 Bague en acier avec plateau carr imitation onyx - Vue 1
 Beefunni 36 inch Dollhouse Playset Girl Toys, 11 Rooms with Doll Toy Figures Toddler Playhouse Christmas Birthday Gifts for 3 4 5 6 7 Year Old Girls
==*==
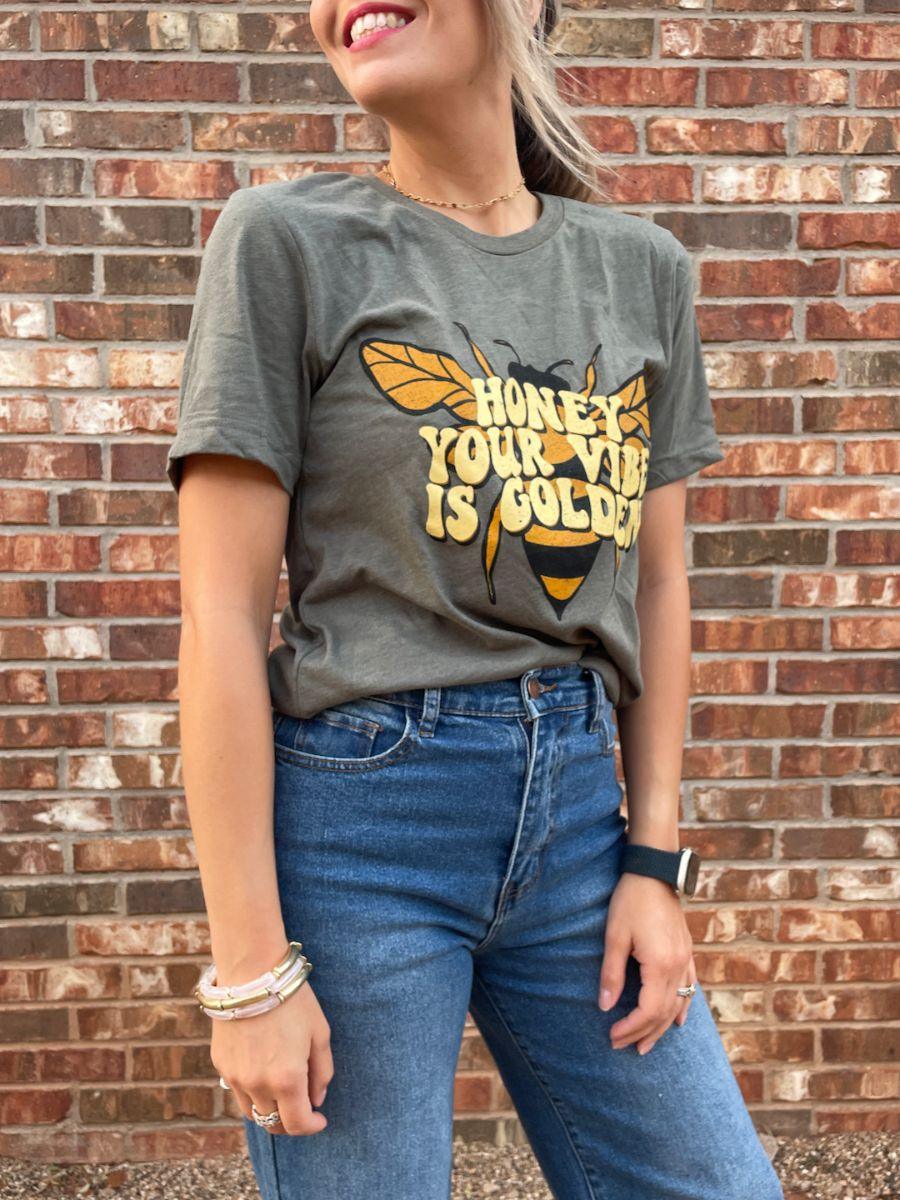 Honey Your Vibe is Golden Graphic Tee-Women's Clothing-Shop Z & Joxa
==*==
## Task requirements
Give back exactly the lines above starting at the line where "Bague en acier" appears and ending at the line where "Beefunni 36 inch" appears, both included, with no other lines.

## Written response
 Bague en acier avec plateau carr imitation onyx - Vue 1
 Beefunni 36 inch Dollhouse Playset Girl Toys, 11 Rooms with Doll Toy Figures Toddler Playhouse Christmas Birthday Gifts for 3 4 5 6 7 Year Old Girls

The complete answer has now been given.